Question
Financial Management Chapter 8 Case Bill Jobs at CompU is looking to expand his product line into cell phones to complement his computer business. Warren
Financial Management
Chapter 8 Case
Bill Jobs at CompU is looking to expand his product line into cell phones to complement his computer business. Warren Lynch suggests purchasing a company that is already established in selling cell phones on university campuses; this would not only make CompUs product line more diverse, but it would also expand CompUs geographic area since they could begin to sell computers at the campuses where the cell phone businesses are already established. After doing some research, Warren has selected two companies that CompU should examine to purchase CellU and UPhone.
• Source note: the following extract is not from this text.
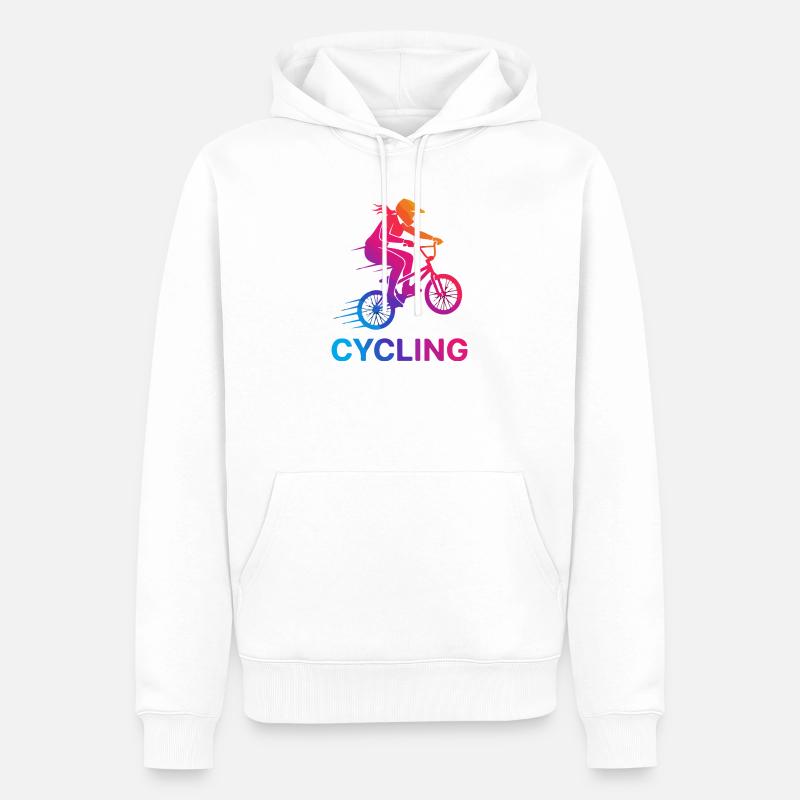 Gradient Cyclist Silhouette - Männer Premium Bio Hoodie - Weiß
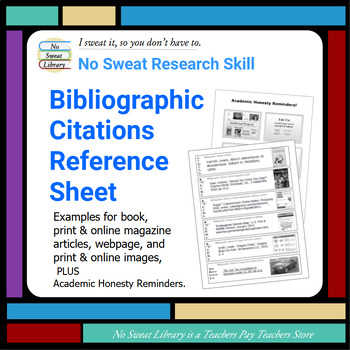 Preview of Library Research Skill: Bibliographic Citations Reference Sheet for Text & Media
Data on the two companies and the Market are given below.
Table 1 - Probability Distribution Data
Rate of Return Under these conditions | |||||
Economy | Prob. | T-Bills | Market | CellU | UPhone |
Strong | 0.25 | 6.0% | 20% | 50.0% | -8.0% |
Normal | 0.50 | 6.0% | 12.0% | 16.0% | 12.0% |
Weak | 0.25 | 6.0% | -4.0% | -30.0% | 32.0% |
Table 2 - Time Series Data
Year | Market | CellU | UPhone |
2003 | 13.0% | -6.0% | 40.0% |
2004 | -6.0% | 41.0% | -15.0% |
2005 | -2.0% | 7.0% | -10.0% |
2006 | 20.0% | 20.0% | -15.0% |
2007 | 25.0% | -11.0% | 50.0% |
- Find the expected returns, standard deviations, and coefficients of variation for assets in Table 1, then rank the assets from least risky to most risky based on their standard deviations and coefficients of variation.
- Using the historical returns data in Table 2 to calculate Market, CellU, and UPhones expected returns, standard deviations, beta coefficients, and correlation coefficients with the Market. Re-rank the assets from least risky to most risky.
- Now use the data in Table 2 to calculate the returns and standard deviations on portfolios consisting of 50% each of CellU and UPhone for the period 2003-2007. Also, calculate the correlation coefficient between CellU and UPhone.
- Is the probability data give in Table 1 consistent with the time series data given in Table 2? If the securities expected values and standard deviations as shown in the two sets of data are different, does this prove that something is wrong with the data; i.e. that one or the other data sets must be incorrect?
- Based on your findings, which company should CompU invest in? Why?